Brief descriptive captions:
____________________

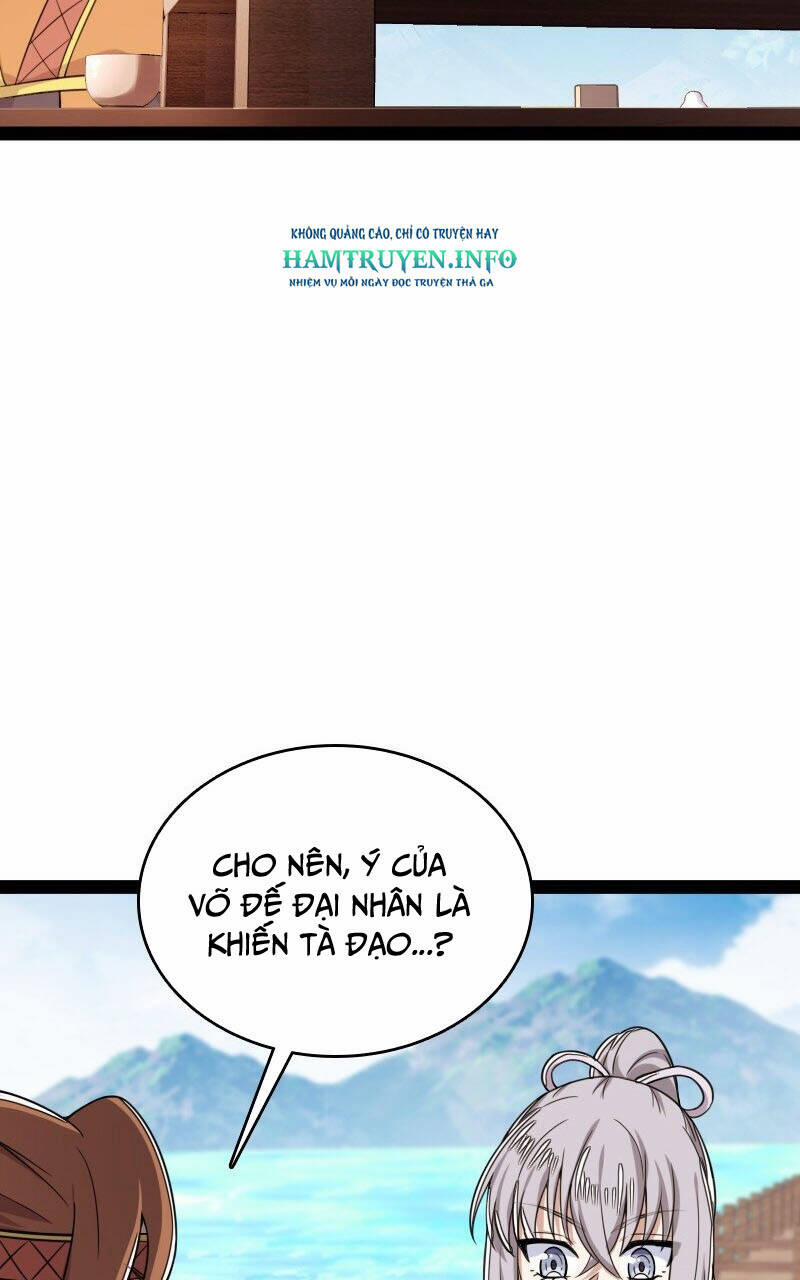 Sinh Hoạt Của Võ Đế Sau Khi Ẩn Cư 283 trang 9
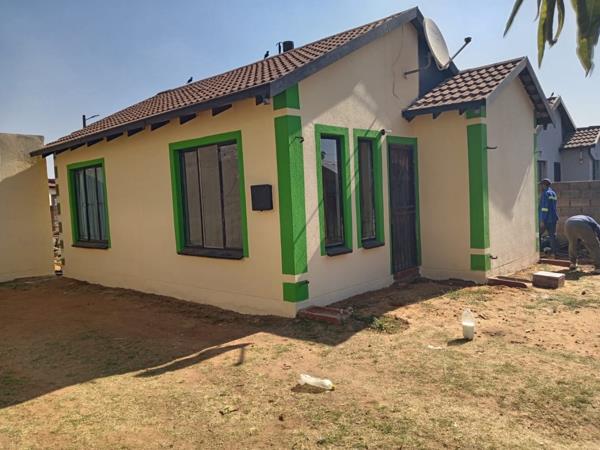 2 Bedroom House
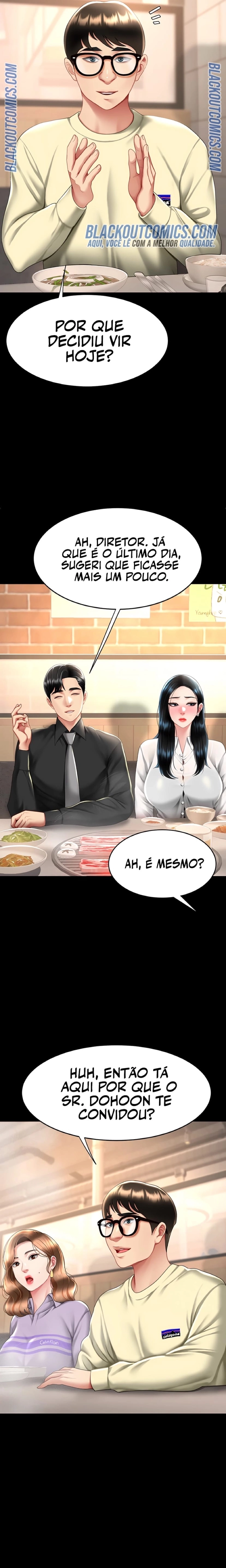 I’ll Eat Your Mom First Capítulo 49 Página 20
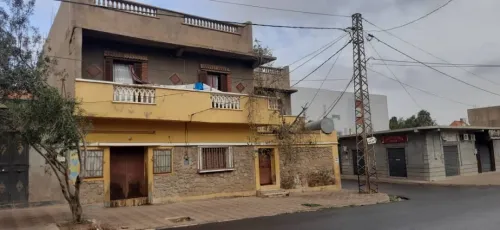 Vente Villa Aïn Témouchent Hammam bouhadjar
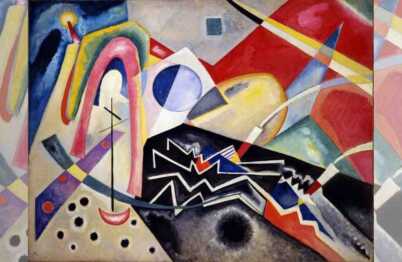 Kandinsky e l'Italia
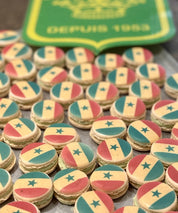 Les Macarons Personnalisés (Sur Devis)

____________________

In the answer, include exactly the lines from the one containing "I’ll Eat Your" through the end of the records above and no pictures at all.

Task result:
 I’ll Eat Your Mom First Capítulo 49 Página 20
 Vente Villa Aïn Témouchent Hammam bouhadjar
 Kandinsky e l'Italia
 Les Macarons Personnalisés (Sur Devis)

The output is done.